In a story two years ago Tetabo is quoted as saying, “My aim is to become firstly Pacific Games champion and later become one of the best in Oceania and, who knows, maybe the world?”
One of the first collaborative projects, it turned out, would be in 2003 in rural Egypt, Tepper and others working with village leaders in a bid to change perceptions of girls who according to tradition were being married off in their early teens and believed at risk for ritual circumcision.
One such leader, in a short ITTF video, calls the project an “excellent initiative” and gives thanks to God, saying it “increased activities” in the village community center, “especially for young women.”
Over the last Olympic cycle, 2009-12, ITTF organized 492 courses; 98 were done in accord with the International Olympic Committee’s Solidarity initiative; around the world, these 492 courses reached 24,000 people, 38 percent of whom — up from 33 percent in the previous four-year cycle — were women.
Of those 492, 206 — or 42 percent — included education about Para Table Tennis. That was up from 14 percent in the 2004-08 cycle.
In 2009, a notable ITTF initiative included “Ping Pong Paz.” It focused on children from displaced families living in slums in three cities in Colombia — 600 kids.
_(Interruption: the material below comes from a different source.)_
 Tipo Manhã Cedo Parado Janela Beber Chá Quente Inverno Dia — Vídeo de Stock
In 2010, it was halfway across the world, in Dili, East Timor, for “Ping Pong Ba Dame,” with the Swedish champion Peter Karlsson, a relentless promoter of table tennis as an agent for good.
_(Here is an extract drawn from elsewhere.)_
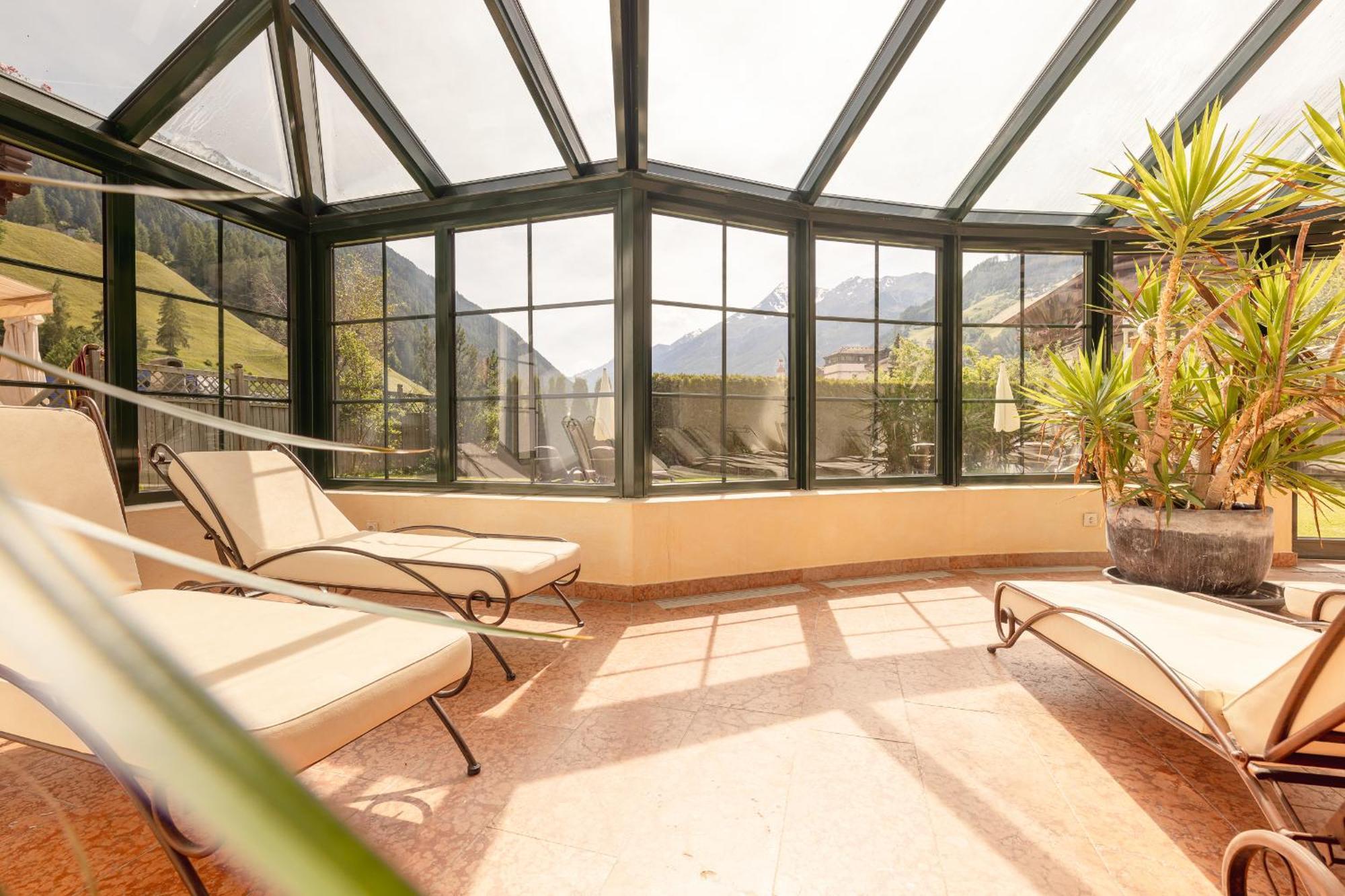 Hotel Berghof นอยชติฟ อิม ชตูไปทัล ภายนอก รูปภาพ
In Dili, Jose de Jesus, president of the local Action for Change Foundation, after recounting the civil war there four years before, asserted that the program would promote “tolerance, discipline, morals and respect for each other.”
In 2011, the ITTF launched one of its most ambitious projects, “Ping Pong Paix,” reaching across borders in central Africa, two villages in Burundi, two across the line in the Democratic Republic of Congo. The area had been marked for some time by conflict and, indeed, outright skirmishing.
Again, Karlsson was on hand.
“The kids,” Tepper said, “found out they were exactly the same. They weren’t so different. They could have fun and become friends.”
Ultimately, the ITTF would take kids from each village to the 2012 world championships in Germany. Needless to say, these kids had not been on airplanes before. They didn’t have passports. Some didn’t even have shoes. It all got figured out.
At those championships, the kids watched the action, mingled with the sport’s stars, got all wide-eyed. They also presented Sharara with pictures they had drawn from their villages. Tepper said, “There were a lot of people with tears in their eyes who are normally tough customers.”
There’s a video that, in part, features one of the kids at those championships.
Billy Quentin Nkingi, then 12 years old, looks into the camera and, speaking in French, says, “Hello, I am Billy. I am from Burundi. I am happy to be here. This is the first time I have been to such an occasion. I am here for peace.”